Did I mention that I'm going to the beach in two days? Just in time, too, since all I can think about it worms, huh? Yes, we're abducting Jacquie for her bachelorette party. We haven't decided what to call the affair yet, and I can't say too much about it in the off chance that Jacquie is reading this, but let's just say Ron has named it Dong-a-Palooza.

I'll take pictures.




Monday, June 07, 2004



It sure feels like a Monday.

Here's a cool link (thanks, Fishjack!) to get your mind offa it: kiddofspeed Very interesting. I read it like I read my magazines: Backwards. And with radiation. Fascinating.



Wednesday, June 02, 2004

Today's aphorism, and another useless tagline from the past.

"Nothing will make you forget what you were saying quicker than seeing a three-legged dog."

and

"Strong enough for a man yet made for a woman."


Adkins Diet? South Beach Diet? The Anna Nicole Cocaine, Elephant Sedatives and TrimSpa Diet? It's really tough to choose the right diet plan these days. Lo carb or no carb, I've got another one just for you. It's called the X-Ray Diet.
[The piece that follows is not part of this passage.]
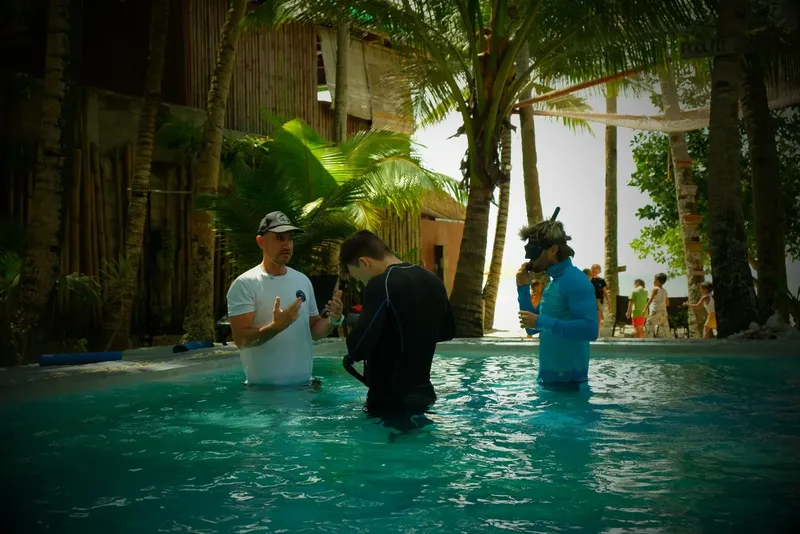 Trois personnes dans une piscine, un instructeur explique un équipement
First we'll start with an x-ray of your abdomen and show you exactly where all those cheese-topped bacon and porkskin sandwiches (no bread, please) are residing in your colon. Then you get to keep the x-ray and hang it on your fridge. If you still want to eat anything solid after that, aww go on, treat yourself. You're possibly a lost cause and therefore, go onnnnnn, you can have it. Just say no to drugs and bread.

I saw the inside of my insides today via x-ray technology. And let me tell you, it's hard to talk straight with a doctor when you're both basking in the glow of your bra underwires on an x-ray. I tried not to laugh, and grabbed my mouth instead, as if I were truly engulfed in my own bag of entrails. "Mmm hmmmm...Is that a tumor? Is that broccoli? Is this comparison why I will never be able to look at broccoli again? Is that a tumor? Is that thing swollen? It's not a swollen tumor, is it?"

At that point, I wish I'd had a bullet lodged somewhere in my ribcage just to shift the focus away from any details.

It all went better than expected since I always expect to be told I had eaten five pounds of nickels, dimes, buttons and needles in my sleep. That would have been true entertainment. But no. So as I was leaving, feeling compelled as always to say something witty at the end of each departure (do I have to tell you it usually comes out useless), I pulled the door closed behind me and said to the my doctor as he was pulling down my x-rays in the hall, "Thanks again. X-rays are neat."

Then I get that familiar look and smile. I think it's called pity.